Treasury’s FMS proving shared services works

The Financial Management Service moved many of its day-to-day IT operations to the Bureau of Public Debt. FMS is providing oversight and guidance for IT systems...

By Jason Miller
Executive Editor
Federal News Radio

The Treasury Department’s Financial Management Service will have no trouble moving commodity technology to a shared service provider as required by the Office of Management and Budget.

FMS completed its transition to the Bureau of Public Debt for network operations and IT infrastructure support about 18 months ago under its Fiscal IT program. And that was just the latest technology service to be brought under the control of another organization.

“Both BPD and FMS work for the fiscal assistant secretary. In the conversation with him, he asked the question would it be ‘profitable’–save us time, money and energy–to look at combining the two bureau’s IT infrastructure?” said John Kopec, the FMS chief information officer. “Both organizations have pretty strong CIO organizations. The BPD organization has a lot of scale in providing shared service infrastructure. Some of our applications prior to consolidation already resided at BPD.”

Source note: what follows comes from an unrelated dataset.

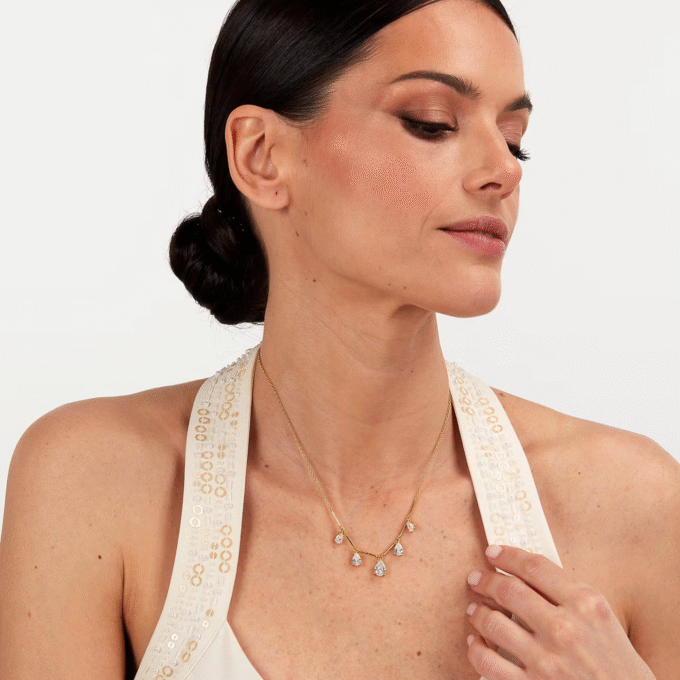 Collier Bijoux Femme - Morellato - Élégant, Moderne, Hypoallergénique, Réglable - Acier Inoxydable - Doré - Réf. SAIW207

Kopec said after looking at the potential savings and efficiency gains, the decision to move forward was pretty easy.

FMS, meanwhile, provides the oversight and governance, such as project management, capital planning and investment control and security, back to BPD.

Prior to moving to BPD, Kopec said the bureau already used shared services for human resources, travel, procurement and accounting.

“Some of it’s easier and some of it’s harder. Am I still concerned about the security posture? Am I worried about patches being applied timely? Yes. That still remains with us as looking and overseeing security within the physical IT organization,” he said. “Other things like capacity planning, I leave that to the infrastructure person and they take care of those things and that makes it easier.”

Kopec said it’s also easier to plan for budgets because the agency receives an itemized bill and knows how it’s spending its money.

The Obama administration wants agencies to move to shared services around commodity technology.

Kopec said among his top priorities is to better use the data from these shared services providers through a business analytics and business intelligence program.

“We have to understand our data. We have to provide transparency into financial transactions within the federal government to support decision making either at an agency level or at a government-wide level,” he said. “Also, we could look at our own programs to see how we could improve debt collections or improve on our revenue collection activities.”

Kopec said FMS is working with the Federal Reserve system to provide them with a business and IT architecture around a financial information repository.

“We explained to them what we wanted, what we were looking for and where the various repositories were and what kind of data they contained,” he said. “The tools will site on top of the repository. I haven’t seen the recommendations, but what I picture is a portal that allows you access to the financial information repository.”

Kopec said FMS also is consolidating its internal services. He said they have two email systems, two calendaring systems and two security systems.

“We’ve rationalized those and made some decisions about what products we will use and that’s going to come to fruition by October of this year,” he said.